Although the findings summarized here cast a strong cautionary shadow on the use of mice to model mechanisms of human innate immunity to T. gondii, they pose a series of fascinating questions related to the development of pathogen recognition mechanisms during mammalian evolution. As discussed above and in a previous publication,[30] rodents are more than just a convenient experimental model for studying infection with this protozoan pathogen. They are a major intermediate host involved in maintaining the life cycle of the parasite. Humans, by contrast, are thought to be an end-stage host for toxoplasma and are not essential for its natural transmission. Nevertheless, because they both display a high prevalence of infection, rodents and humans need to be able to control T. gondii and clearly develop strong adaptive immunity as evidenced by the extreme susceptibility of T-cell-compromised mice and patients to the parasite. A critical difference is that in the case of rodents the development of strong host resistance is also of enormous benefit to the parasite. This is because felines acquire the infection largely through predation rather than scavenging, and it is thus in toxoplasma's self-interest to be controlled by the rodent immune system rather than induce rodent death. In so doing, it also induces neurologic changes in its hosts that make them easier prey for cats.[46] Because of the importance of this adaptation, T. gondii may have evolved a specialized profilin protein that is a strong agonist of TLR11 and TLR12, thereby ensuring the induction of a highly effective innate and adaptive response that prevents it from overwhelming its critical intermediate hosts. Indeed, T. gondii profilin appears to be considerably more potent than phylogenetically related profilins in stimulating TLR11-/TLR12-dependent cytokine production in mouse myeloid cells.[23, 47]

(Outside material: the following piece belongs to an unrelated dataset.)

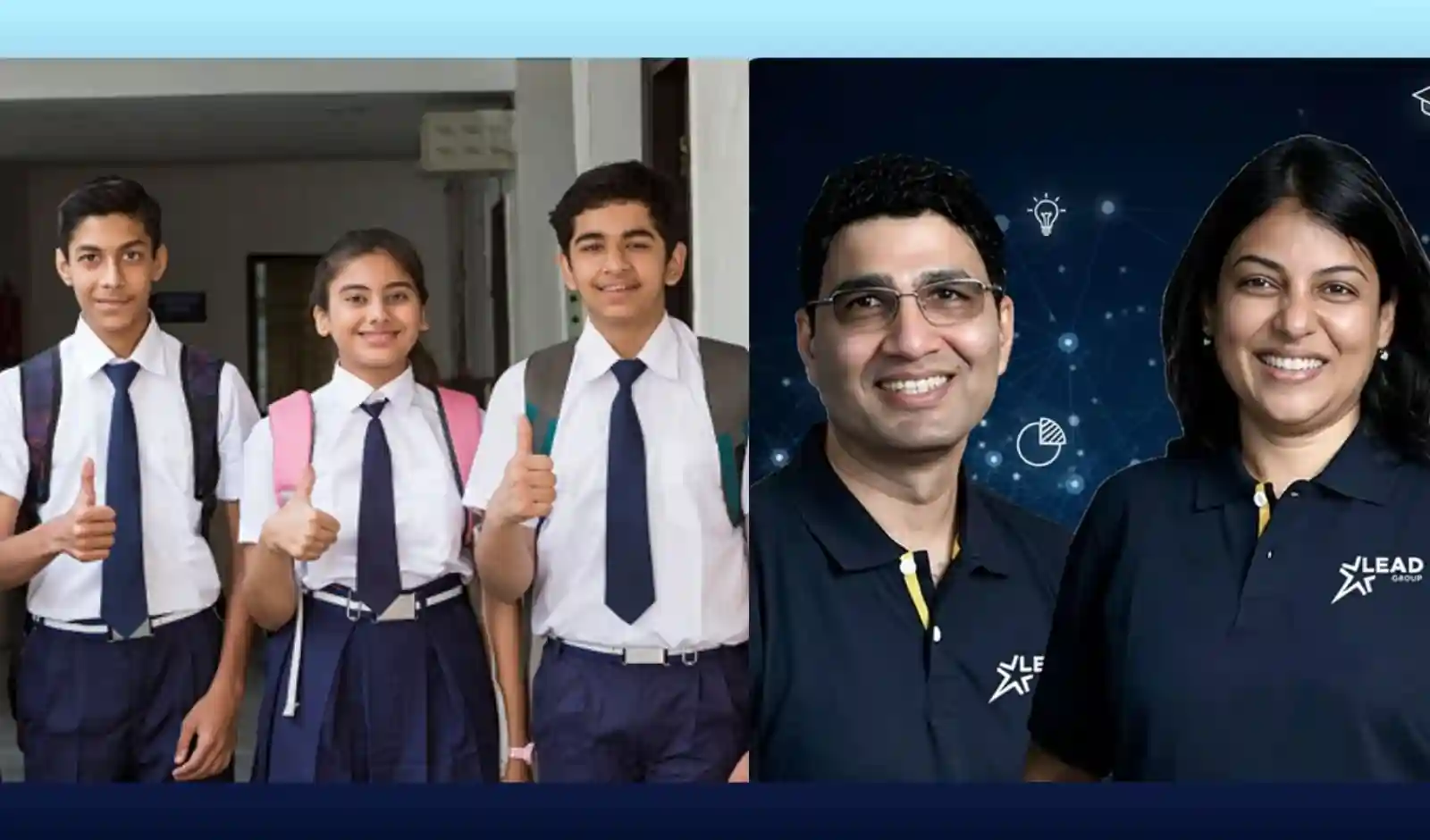 EdTech सेक्टर में LEAD Group की मजबूत ग्रोथ, FY26 में ऑपरेटिंग रेवेन्यू ₹387 करोड़ पहुंचा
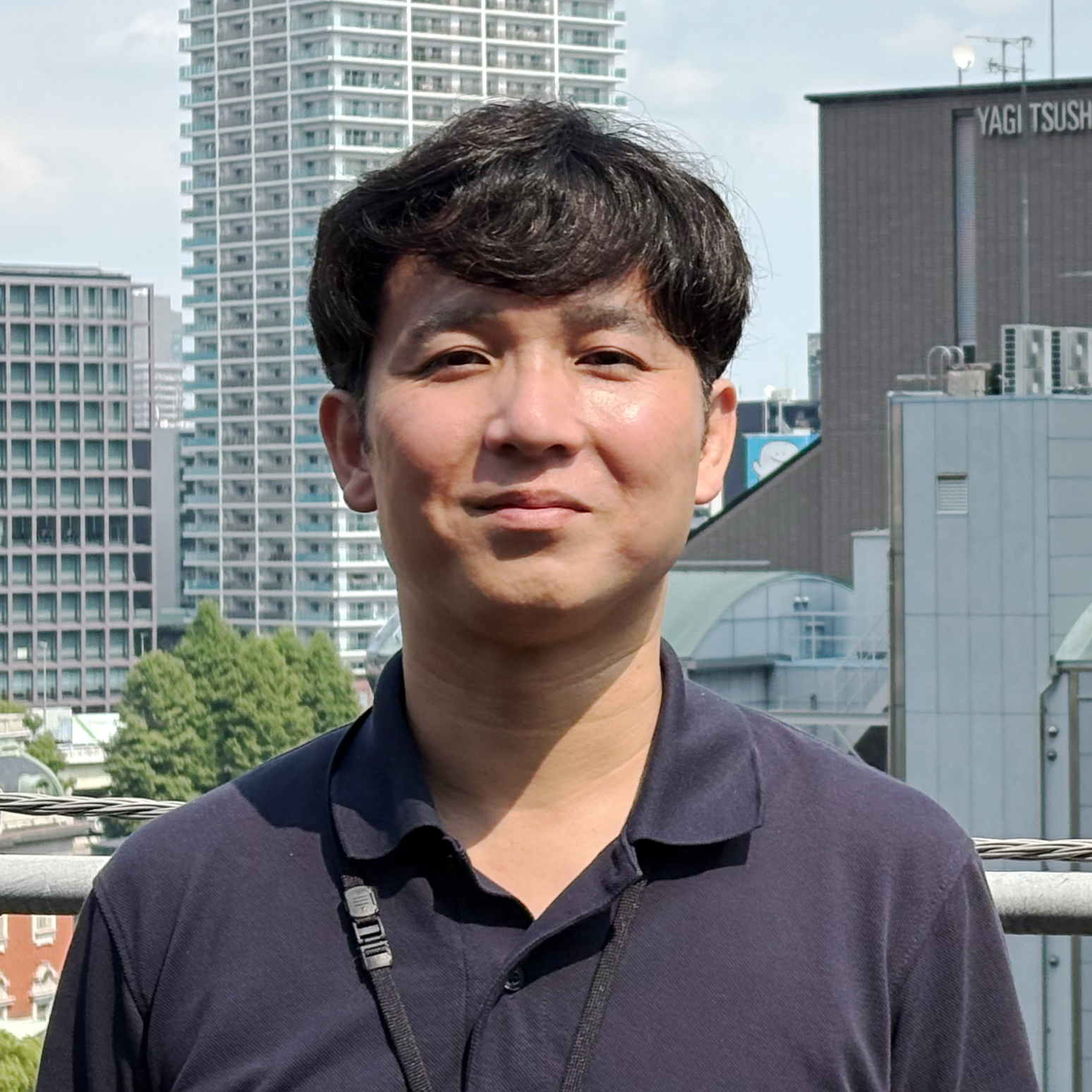 ソリューションアーキテクト　遠藤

TLR11/TLR12 is expressed functionally in many lower and higher mammalian species that are not normal hosts for T. gondii; thus, it is unlikely that these receptors evolved solely in response to selection by the parasite. The explanation for the loss of the two receptors in primates is unclear. One hypothesis[30] is that they were selected against because of their potential to elicit host immunopathology either in response to foreign or possibly self-profilin (in the event of mutation). Given the preservation of TLR4 and other PRR with similar pathologic signaling potential in humans, this explanation seems unlikely. More plausible is that the loss in TLR11 and TLR12 occurred spontaneously after the evolution of a redundant and similarly protective innate-sensing mechanism for triggering cell-mediated immunity to T. gondii. As proposed here, this parasite recognition pathway appears to be linked to tachyzoite phagocytosis, thus avoiding the potential deleterious effects of sensing of the parasite 'at a distance' associated with profilin recognition by TLR11/TLR12. Indeed, it is interesting that while IL-12 production by myeloid cells in humans requires live tachyzoite uptake, the cells responding in the mouse are those that have never made direct contact with the parasite.[48]

More clues to this fascinating evolutionary puzzle should emerge as the nature of the mechanism responsible for innate recognition of T. gondii in humans is elucidated. It will be equally exciting to learn whether the phagocytosis-dependent pathway summarized here has a role in the innate sensing of other human pathogens and whether it functions in more host species in which TLR11/TLR12 receptors have been lost. Finally, having characterized a mechanism for innate recognition of T. gondii in humans, it will be important to elucidate its role in both the induction of adaptive immunity and in clinical disease.